In her first full season with Reims, Ouchene registered 22 appearances and a career-high 19 starts. She also scored four goals, three of which came in an October 2020 hat-trick over Issy. On 25 February 2021, she inked a new deal with the club to keep her with the club an additional two years. Once Ouchene's contract expired in June 2023, she departed from the club. Counting both of her three-year stints with Reims, she had spent six seasons with the club and participated in 132 total games.

=== Montpellier ===
On 6 July 2023, Ouchene joined Montpellier. She recorded her first goal for Montpellier on 18 November 2023, scoring against her former club Reims; fellow ex-Reims player Kethna Louis also scored as the two Montpellier newcomers combined to achieve a 2–1 victory for their new club. Ouchene soon rose to prominence in the Montpellier squad, narrowly winning the team's January 2025 Player of the Month award over Océane Deslandes.

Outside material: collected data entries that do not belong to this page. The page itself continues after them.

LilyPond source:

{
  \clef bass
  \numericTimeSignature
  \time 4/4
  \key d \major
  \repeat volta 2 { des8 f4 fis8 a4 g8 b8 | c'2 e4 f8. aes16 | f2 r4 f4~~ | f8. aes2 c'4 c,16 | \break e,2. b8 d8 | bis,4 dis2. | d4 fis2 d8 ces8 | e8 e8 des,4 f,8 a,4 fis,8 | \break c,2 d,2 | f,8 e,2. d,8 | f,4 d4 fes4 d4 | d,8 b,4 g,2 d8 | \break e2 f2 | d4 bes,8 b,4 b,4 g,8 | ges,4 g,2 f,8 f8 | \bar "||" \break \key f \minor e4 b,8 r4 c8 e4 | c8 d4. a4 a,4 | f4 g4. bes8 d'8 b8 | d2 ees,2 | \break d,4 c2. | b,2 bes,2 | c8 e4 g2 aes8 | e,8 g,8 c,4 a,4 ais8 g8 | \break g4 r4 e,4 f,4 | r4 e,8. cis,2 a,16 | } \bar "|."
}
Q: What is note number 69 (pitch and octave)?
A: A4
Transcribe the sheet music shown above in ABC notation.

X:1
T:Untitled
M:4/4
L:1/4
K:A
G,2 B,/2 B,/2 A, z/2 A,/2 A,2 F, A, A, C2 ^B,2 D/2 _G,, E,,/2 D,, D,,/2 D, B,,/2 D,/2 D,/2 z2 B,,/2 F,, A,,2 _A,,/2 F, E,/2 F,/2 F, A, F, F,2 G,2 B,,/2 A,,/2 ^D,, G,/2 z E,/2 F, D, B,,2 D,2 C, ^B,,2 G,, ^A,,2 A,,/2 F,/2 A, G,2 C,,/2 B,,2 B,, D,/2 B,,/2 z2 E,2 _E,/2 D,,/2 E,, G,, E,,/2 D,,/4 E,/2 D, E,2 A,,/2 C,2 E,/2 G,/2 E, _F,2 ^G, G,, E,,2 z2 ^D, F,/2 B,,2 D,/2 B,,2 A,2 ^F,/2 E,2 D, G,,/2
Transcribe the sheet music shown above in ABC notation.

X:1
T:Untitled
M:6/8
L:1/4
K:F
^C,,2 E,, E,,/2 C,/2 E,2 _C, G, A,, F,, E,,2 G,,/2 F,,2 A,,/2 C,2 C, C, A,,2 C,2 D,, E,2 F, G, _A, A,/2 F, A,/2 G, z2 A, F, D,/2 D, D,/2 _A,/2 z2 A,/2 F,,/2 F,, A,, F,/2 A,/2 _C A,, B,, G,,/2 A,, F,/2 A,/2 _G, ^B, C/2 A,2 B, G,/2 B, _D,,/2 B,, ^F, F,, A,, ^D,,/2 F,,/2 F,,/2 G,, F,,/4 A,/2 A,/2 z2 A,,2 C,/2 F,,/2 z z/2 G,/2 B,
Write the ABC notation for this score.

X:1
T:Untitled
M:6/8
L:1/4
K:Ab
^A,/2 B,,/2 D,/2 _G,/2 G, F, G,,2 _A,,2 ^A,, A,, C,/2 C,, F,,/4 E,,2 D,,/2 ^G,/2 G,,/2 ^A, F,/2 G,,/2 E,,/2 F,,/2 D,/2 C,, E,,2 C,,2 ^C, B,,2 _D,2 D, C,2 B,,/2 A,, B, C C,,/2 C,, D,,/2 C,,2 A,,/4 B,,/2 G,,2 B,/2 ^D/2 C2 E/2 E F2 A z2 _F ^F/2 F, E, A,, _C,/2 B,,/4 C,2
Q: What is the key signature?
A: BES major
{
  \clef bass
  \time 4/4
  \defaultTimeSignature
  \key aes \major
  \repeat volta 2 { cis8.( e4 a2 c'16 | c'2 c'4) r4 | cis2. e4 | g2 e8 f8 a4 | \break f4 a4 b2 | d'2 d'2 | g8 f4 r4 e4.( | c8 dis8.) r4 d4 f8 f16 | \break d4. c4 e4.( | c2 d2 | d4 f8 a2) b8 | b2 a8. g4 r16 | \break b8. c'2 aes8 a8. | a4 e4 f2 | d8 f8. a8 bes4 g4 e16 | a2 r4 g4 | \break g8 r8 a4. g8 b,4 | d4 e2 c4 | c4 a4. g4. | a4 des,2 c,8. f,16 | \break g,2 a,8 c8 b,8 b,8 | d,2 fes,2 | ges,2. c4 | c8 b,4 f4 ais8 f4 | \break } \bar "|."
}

In July 2025, Ouchene was temporarily named Montpellier club captain after longtime skipper Marion Torrent went on maternity leave. Three months later, Ouchene was named the October 2025 Première Ligue Player of the Month award after recording a goal and two assists to help lift her team to victories against Strasbourg and Lens. On April 22, 2026, she sustained a serious cruciate ligament injury that ended her third season at Montpellier early.

=== Les Marseillaises ===
In June 2026, Ouchene moved to Les Marseillaises, signing a three-year contract until 2029. She is not expected to take the field until the end of 2026 as she rehabilitates from her knee injury.

== International career ==
Ouchene has represented France at multiple youth international levels, starting with a call-up to the under-16 team in 2015. Prior to joining the Tennessee Volunteers, she played for the French under-19 team across two years and scored 5 times across 12 matches. From 2020 to 2025, she has made 19 total appearances for the under-20 and under-23s.